И это зря. Совершенно напрасно. Потому
что его очень занятое устройство и
организация снимают то главное и
неизбывное, что фатально и неумолимо
детерминирует обыкновенно любую
популярную биографию. Нет вольной или
невольной череды причин и следствий,
сюжета, нет и фабулы, того, что обычно и
ведет читателя одним-единственным
путем, готовит к ужасному концу или
настраивает на ужас без конца. Как в
романе. Дело в том, что в отличие от
продукции авторов традиционных популярных
биографий, метод, используемый соавторами,
больше похож на кубизм Пикассо или
Брака, чем на линейное традиционное
письмо а ля Репин. Трехмерный, четырехмерный
или, возможно, еще более сложный и
непостижимый в смысле измерений объект,
ну, как все тот же Ерофеев, представляется
на двумерной книжной страничке набором
всех своих граней и элементов. Всех
сразу, что только заметны глазу. И
одновременно.
Проще всего и легче показать это
на одном фрагменте. Описывающем не
событие, а состояние. Решающем вопрос
— была или же не была, существовала ли
на свете или нет как физический объект
рукопись романа «Шостакович»:
Рукописи «Шостаковича»
до сих пор не найдены, что, вместе с
отсутствием у автора видимых попыток
его восстановить, заставляет заподозрить
очередную ерофеевскую мистификацию.
После смерти Ерофеева Владимир Муравьев,
которому писатель доверял и с которым
почти всегда советовался, отрезал: «Всё
это ерофеевские фантазии. Не было
никакого романа „Шостакович”, никогда
не было! А вам он мог что угодно наплести».

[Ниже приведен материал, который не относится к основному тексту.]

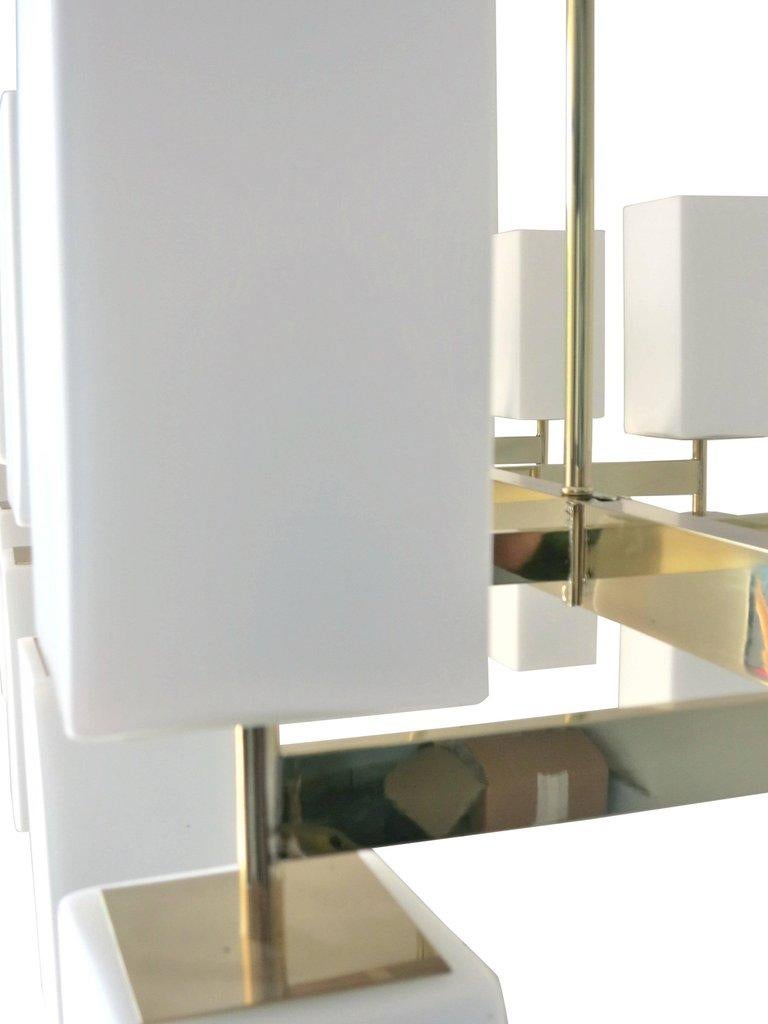 Satinato Lampadario Palazzo di Fabio Ltd in vendita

«Никакой рукописи романа „Шостакович”
не существовало, только несколько
наметок», — уточнила эти слова Муравьева
в разговоре с нами Ирина Тосунян. С
Муравьевым, однако, согласились не все.
Рассказывает Сергей Шаров-Делоне:
«Насколько я знаю от Вени, „Шостакович”
был. И я ему говорил: „Веня, а написать
еще раз?” А он мне: „Невозможно. Я его
неделю писал и ржал. И я даже боялся, что
соседи на меня пожалуются”. А жил он в
какой-то коммуналке в этот момент — это
было еще до переезда их на Флотскую. Он
говорил, что забил на работу, ходил, ржал
и писал. Он написан был за неделю. И такое
нельзя повторить».
Сам Ерофеев в
автобиографии писал, что «Шостакович»
создавался «с 3 февр<аля> 72 г<ода>
по нач<ало> апреля 72 г<ода>», а
несколько «почти клятвенных заверений
восстановить оказались неисполнимо
вздорными: т. е. сюжет и буффонада еще
по силам, а все остальное — нет». «Он
его все-таки писал, — полагает и Борис
Сорокин. — И рассказывал мне некоторые
вещи. Он мне говорил: „Я, Сорокин, задумал
одну вещь. Я прочитал Муравьеву два
листа, он захохотал и бросился к машинке
печатать”. И еще он мне сказал: „Сорокин,
ты меня прости, я хотел посвятить
‘Шостаковича‘ тебе, но Муравьев сказал,
что надо продолжать традицию и посвятить
‘любимому первенцу‘”. „Шостакович”,
во всяком случае, писался Ерофеевым,
это ясно. Вряд ли он стал бы все это
выдумывать». А Игорь Авдиев даже
утверждал, что «в электричке и во
Владимире, в доме Андрея Петяева» Ерофеев
читал ему «гладкий, законченный текст»
произведения, «потерянный на обратном
пути» в Москву, — «общую тетрадь,
исписанную каллиграфическим почерком».
Мы тем не менее вслед
за Муравьевым склонны считать, что
«Шостаковича» в виде законченного
текста никогда не существовало, а легенда
о нем была придумана Ерофеевым для
гипотетического пополнения своей не
слишком обширной библиографии. Бесспорно,
впрочем, и то, что замысел такого
произведения у Венедикта был — в его
дневниковых записях, сделанных за четыре
года до смерти, находим аккуратно
выписанные в столбик награды, звания и
прочие отмеченные достижения композитора.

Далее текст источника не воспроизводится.